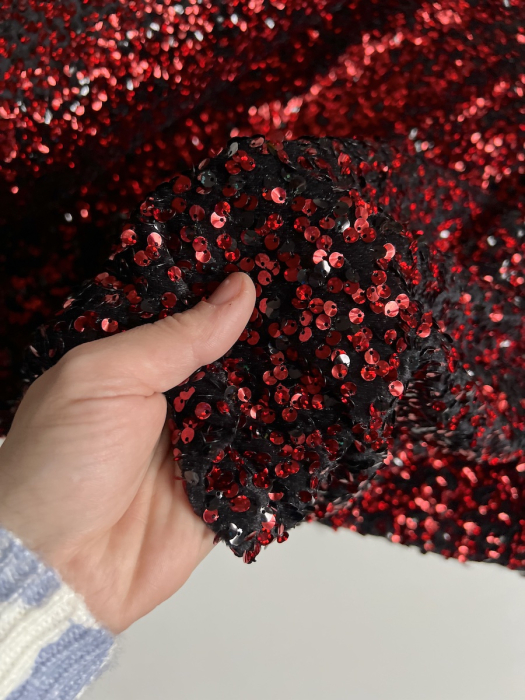 Sequins rouge sur velours noir Batikou - 2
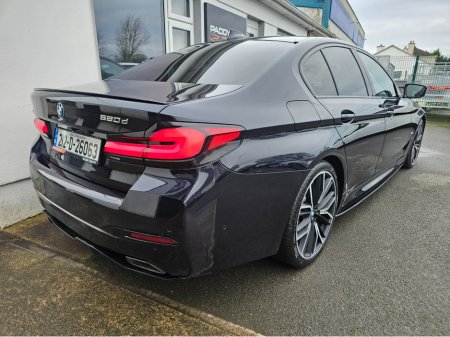 2021 BMW 5 Series - thumbnail 3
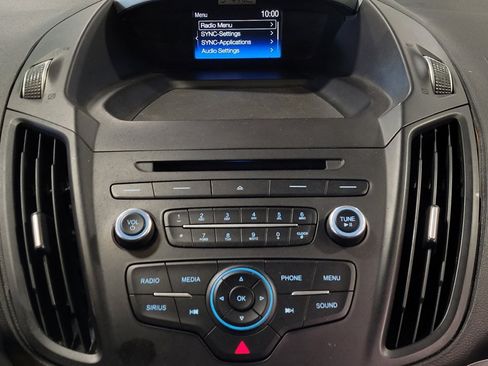 Used 2018 Ford Escape SE FWD image 25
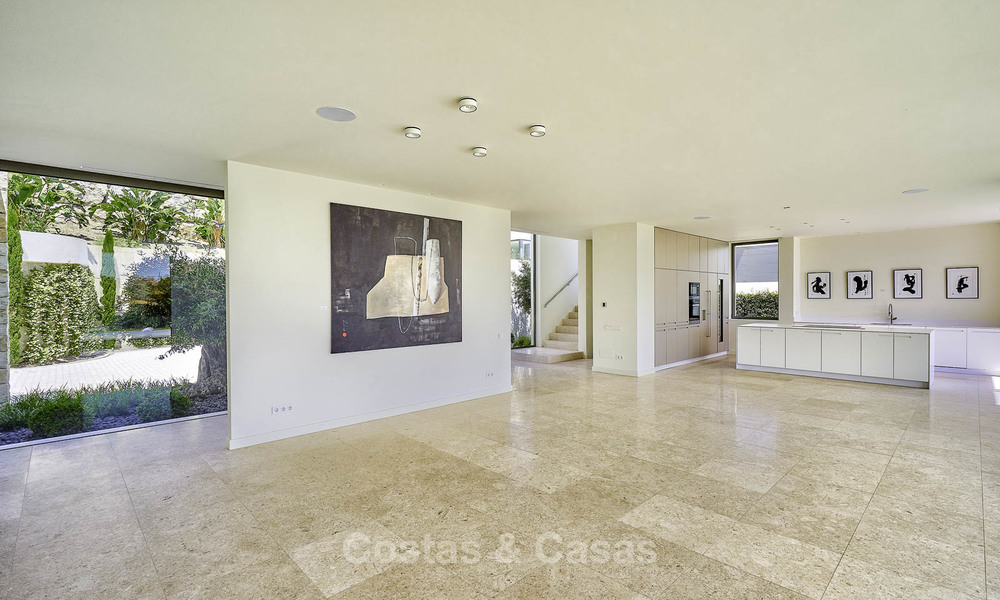  Instapklare moderne villa te koop, eerstelijn golf, te Benahavis - Marbella 15075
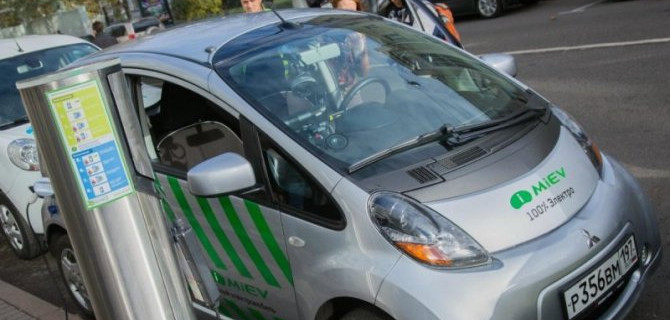 В Москве электромобили освободили от транспортного налога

» Problem to solve:
Write out exactly the lines from the line that contains "Used 2018 Ford Escape SE FWD image 25" through the end of the material, including both ends. No pictures belong in the copy.

» Finished exercise:
 Used 2018 Ford Escape SE FWD image 25
  Instapklare moderne villa te koop, eerstelijn golf, te Benahavis - Marbella 15075
 В Москве электромобили освободили от транспортного налога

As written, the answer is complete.